X_test_sorted = X_test[X_test[:, 0].argsort()]
y_hat_test_sorted = model.predict(X_test_sorted)

In [None]:
# Plot the results

plt.figure(figsize=(10, 6))
plt.scatter(X_test[:, 0], y_test, alpha=0.5)
plt.plot(X_test_sorted[:, 0], y_hat_test_sorted, color='red', linewidth=2)
plt.title(f'Linear Regression - performance on unseen Test data\nMSE: {mse:,.0f}\nR squared: {r2*100:.0f}%')
plt.xlabel('Height')
plt.ylabel('Price')
plt.show()

In [None]:
# Step 3: Polynomial Regression (Degree 3)

X3 = np.column_stack((heights, heights**2, heights**3))
X_train, X_test, y_train, y_test = train_test_split(X3, prices, test_size=0.2, random_state=42)

model = LinearRegression()
model.fit(X_train, y_train)

y_hat_test = model.predict(X_test)
mse = mean_squared_error(y_test, y_hat_test)
r2 = r2_score(y_test, y_hat_test)

In [None]:
# Sort X_test for smooth curve plotting

X_test_sorted = X_test[X_test[:, 0].argsort()]
y_hat_test_sorted = model.predict(X_test_sorted)

In [None]:
# Visualize the results

plt.figure(figsize=(10, 6))
plt.scatter(X_test[:, 0], y_test, alpha=0.5)
plt.plot(X_test_sorted[:, 0], y_hat_test_sorted, color='red', linewidth=2)
plt.title(f'Linear Regression - performance on unseen Test data\nMSE: {mse:,.0f}\nR squared: {r2*100:.0f}%\nMSE: {mse:,.0f}, R2: {r2*100:.0f}%')
plt.xlabel('Height')
plt.ylabel('Price')
plt.show()

Remember the true formula is: $price = 200 + 100 \cdot height - 40 \cdot height^2 + 4 \cdot height^3$

In [None]:
print("Intercept:", model.intercept_)
print("Coefficients:", model.coef_)

# Conclusion

When we give our Linear Regression model three features:

height  
height squared  
height cubed  

It's able to fit and then it generalizes well, because the results look great on unseen data.

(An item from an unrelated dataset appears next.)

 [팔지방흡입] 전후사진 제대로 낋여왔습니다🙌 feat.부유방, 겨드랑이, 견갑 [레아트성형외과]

And this makes sense because secretly, we generated data based on exactly those features.

Now let's demonstrate what it looks like to "overfit". What if we came up with a model with THIRTY features...

In [None]:
# Step 4: Overfitting Demonstration!

X_overfit = np.column_stack([heights**i for i in range(1,31)])

print(X_overfit.shape)
print(X_overfit[0])

In [None]:
# Linear Regression

X_train, X_test, y_train, y_test = train_test_split(X_overfit, prices, test_size=0.2, random_state=42)

model = LinearRegression()
model.fit(X_train, y_train)

y_hat_test = model.predict(X_test)
mse = mean_squared_error(y_test, y_hat_test)
r2 = r2_score(y_test, y_hat_test)

In [None]:
# Sort X_test for smooth curve plotting

X_test_sorted = X_test[X_test[:, 0].argsort()]
y_hat_test_sorted = model.predict(X_test_sorted)

In [None]:
# Plot the results

plt.figure(figsize=(10, 6))
plt.scatter(X_test[:, 0], y_test, alpha=0.5)
plt.plot(X_test_sorted[:, 0], y_hat_test_sorted, color='red', linewidth=2)
plt.title(f'Linear Regression - performance on unseen Test data\nMSE: {mse:,.0f}\nR squared: {r2*100:.0f}%')
plt.xlabel('Height')
plt.ylabel('Price')
plt.show()

In [None]:
print("Intercept:", model.intercept_)
print("Coefficients:", model.coef_)

# Conclusion

And so you see the surprising results. We provided the Linear Regression with the same festures as before, and MORE features if it wanted them.

And something went wrong: we got worse results.

Why?

Because armed with the extra flexibility, the model was able to fit more closely to the training data.

But it was finding new patterns in the noise that DIDN'T REFLECT the underlying pattern.

So when we extended it to make new predictions, it did worse.

And that is over-fitting!

## Exercise for you

Make it worse! Find ways to overfit even more dramatically.